We've come to New York for the week, to make sure our little ones remember their cultural home although it is no longer their physical home. Yesterday, the city welcomed us warmly: a gorgeous winter day, a rewarding meeting at church and then an entrancing afternoon at the ballet with good friends. There is something so fulfilling, so warming to the very bone, about seeing my children run around the Lincoln Center fountain -- my "back yard" growing up across the street -- and learning to love the very same places I loved as a child myself. With a small immediate family to offer them and down even their grandfather, I feel like familiarizing them with my childhood home is familiarizing them with the inanimate personalities and influences that made me who I am, much as they are learning about Elliot from his abundant and involved extended family.

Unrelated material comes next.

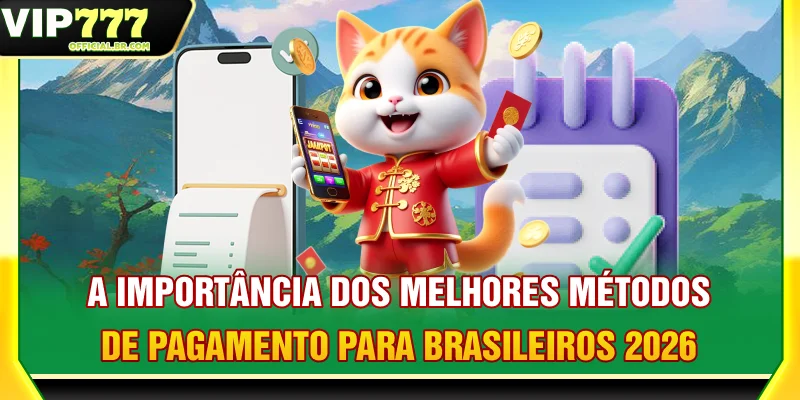 A importância dos melhores métodos de pagamento para Brasileiros 2026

But those warm feelings came yesterday. Today introduced my kids to the darker side of New York and, like a spurned loved, I wondered what exactly we're doing hanging around here. We had tickets to see the Tim Burton exhibit at the MoMA at 2:00pm. Never having been a tourist in my own city during the week after Christmas, I naively failed to realize that a million other people -- literally? -- would have the same idea. Pushing a stroller through midtown today was a miserable and deflating experience. My city, it seemed, was working so hard to flatter the mobs of tourists queuing down the streets for the Disney Store, the American Girl Store and Radio City Music Hall that it had absolutely nothing left for me. In this light, the city seemed more like a bad version of an adult's amusement park than a sublime bastion of beauty and intrigue.
We'll try again tomorrow, and I'll be sure to stay away from midtown. Hopefully New York will show us some love again.